Samppa Kalevi Lajunen

Personal information
- Nationality: Finland
- Born: 23 April 1979 (age 47) Turku, Finland
- Height: 1.77 m (5 ft 10 in)

Sport
- Sport: Skiing
- Club: Jyväskylän Hiihtoseura

World Cup career
- Seasons: 1995–2004
- Indiv. starts: 113
- Indiv. podiums: 55
- Indiv. wins: 20
- Overall titles: 2 (1997, 2000)

Medal record
Men's Nordic combined
Representing Finland
Olympic Games
| Gold medal – first place | 2002 Salt Lake City | 15 km individual |
| Gold medal – first place | 2002 Salt Lake City | 7.5 km sprint |
| Gold medal – first place | 2002 Salt Lake City | 4 × 5 km team |
| Silver medal – second place | 1998 Nagano | 15 km individual |
| Silver medal – second place | 1998 Nagano | 4 × 5 km team |
World Championships
| Gold medal – first place | 1999 Ramsau | 4 × 5 km team |
| Silver medal – second place | 1997 Trondheim | 4 × 5 km team |
| Silver medal – second place | 1999 Ramsau | 15 km individual |
| Silver medal – second place | 2001 Lahti | 15 km individual |
| Silver medal – second place | 2001 Lahti | 7.5 km sprint |
| Bronze medal – third place | 2001 Lahti | 4 × 5 km team |
| Bronze medal – third place | 2003 Val di Fiemme | 15 km individual |
| Bronze medal – third place | 2003 Val di Fiemme | 4 × 5 km team |

= Samppa Lajunen =

Finnish Nordic combined skier (born 1979)

Samppa Lajunen (born 23 April 1979 in Turku) is a retired Finnish Winter Olympic Games gold medalist, entrepreneur, and investor.
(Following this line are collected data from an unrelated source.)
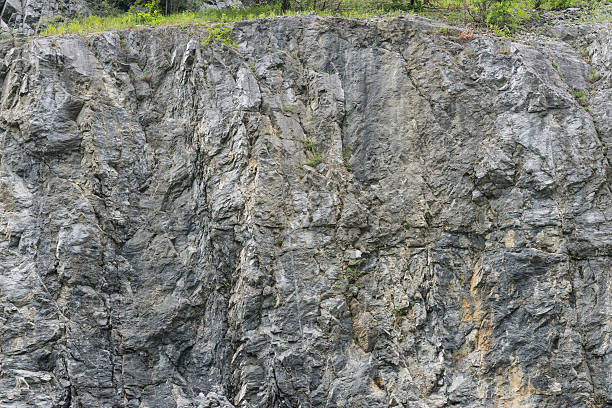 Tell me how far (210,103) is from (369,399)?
7.08 metres

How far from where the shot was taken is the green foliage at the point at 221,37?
500 inches

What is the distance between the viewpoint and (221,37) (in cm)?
1280

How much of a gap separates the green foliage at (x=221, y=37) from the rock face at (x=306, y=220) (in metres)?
0.25

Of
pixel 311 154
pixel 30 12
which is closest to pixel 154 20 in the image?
pixel 30 12

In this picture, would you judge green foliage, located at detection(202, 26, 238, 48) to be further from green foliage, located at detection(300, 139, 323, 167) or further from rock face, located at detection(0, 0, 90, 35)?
rock face, located at detection(0, 0, 90, 35)

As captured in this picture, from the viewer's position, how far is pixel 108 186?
1130 centimetres

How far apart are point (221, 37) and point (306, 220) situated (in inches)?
201

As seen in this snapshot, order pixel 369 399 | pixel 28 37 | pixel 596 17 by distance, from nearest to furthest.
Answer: pixel 369 399, pixel 28 37, pixel 596 17

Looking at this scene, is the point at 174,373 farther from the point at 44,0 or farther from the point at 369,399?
the point at 44,0

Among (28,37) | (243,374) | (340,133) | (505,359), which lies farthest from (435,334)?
(28,37)

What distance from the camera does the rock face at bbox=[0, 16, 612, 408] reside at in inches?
400

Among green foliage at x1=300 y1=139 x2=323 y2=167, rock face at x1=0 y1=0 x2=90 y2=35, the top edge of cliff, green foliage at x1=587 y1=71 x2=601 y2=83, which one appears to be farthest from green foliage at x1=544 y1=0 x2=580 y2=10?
rock face at x1=0 y1=0 x2=90 y2=35

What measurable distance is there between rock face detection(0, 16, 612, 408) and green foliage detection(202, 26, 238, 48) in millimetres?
254

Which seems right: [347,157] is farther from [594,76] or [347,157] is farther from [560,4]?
[560,4] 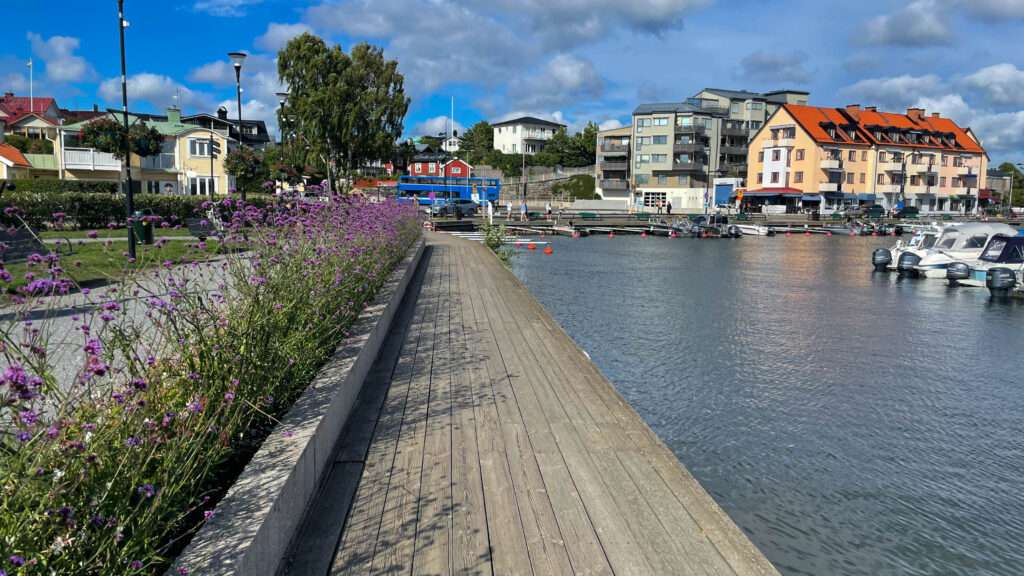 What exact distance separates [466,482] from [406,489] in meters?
0.37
At the 2002 Winter Olympics, he became the first athlete to sweep the gold medals at all three Nordic combined events, a feat that was only equalished by Jens Lurås Oftebro twenty four years later at the 2026 Winter Olympics

==Athletic career==
A winner of five Winter Olympic Games medals, his career highlight came at the 2002 Winter Olympics in Salt Lake City when Lajunen won all three gold medals in the Nordic combined events. He also won silver medals at the 1998 Winter Olympics in Nagano in both the 15 km individual and 4 × 5 km team events.

Lajunen also found success at the FIS Nordic World Ski Championships, winning eight medals. This included one gold (4 × 5 km team: 1999), four silvers (15 km individual: 1999, 2001; 4 × 5 km team: 1997, 7.5 km sprint: 2001); and three bronzes (15 km individual: 2003, 4 × 5 km team: 2001, 2003).

Lajunen ended his career after the season 2003/2004 at a quite early age, 24 years old.

== Education ==
Lajunen concentrated on his studies at the University of Jyväskylä. In the spring of 2007 he graduated with a Master's degree in Economics and Business Administration.

== Samla Capital ==
In 2015, Lajunen founded Samla Capital. The company focuses on professional real estate investing, managing four funds with nearly 400 investors and assets totaling around 254 million euros. Its investment strategy targets real estate in growing cities and includes business premises, apartments, and hotels.

Samla Capital operates alternative investment funds such as Samla Toimitilat Ky and Samla Asunnot Ky, which invest in premises and apartments respectively, with properties mainly in Finnish growth centers.

=== Hotel Maria ===
Lajunen founded Samla Capital in 2015. Lajunen's company bought the block located on Mariankatu, Liisankatu, and Maneesikatu in Helsinki in 2020. Lajunen announced the start of construction of the new hotel together with the construction company Fira in January 2023. Lajunen and the construction company stated that the construction project would proceed in phases during 2023-2024. The hotel investment cost was about 116 million euros, with funding coming from London.

In September 2024, Helsingin Sanomat reported that the hotel had run into financial difficulties. The investors of Hotel Maria learned on January 30, 2025, that the hotel's largest lender wanted to sell the hotel. Selling the hotel would have meant that the investors would lose their money. On July 4, it was announced that the hotel had been sold to Michael Kum's M&L Hospitality Group based in Singapore, and the hotel transitioned under Hilton's Waldorf Astoria brand. Lajunen's Samla Capital made significant financial losses.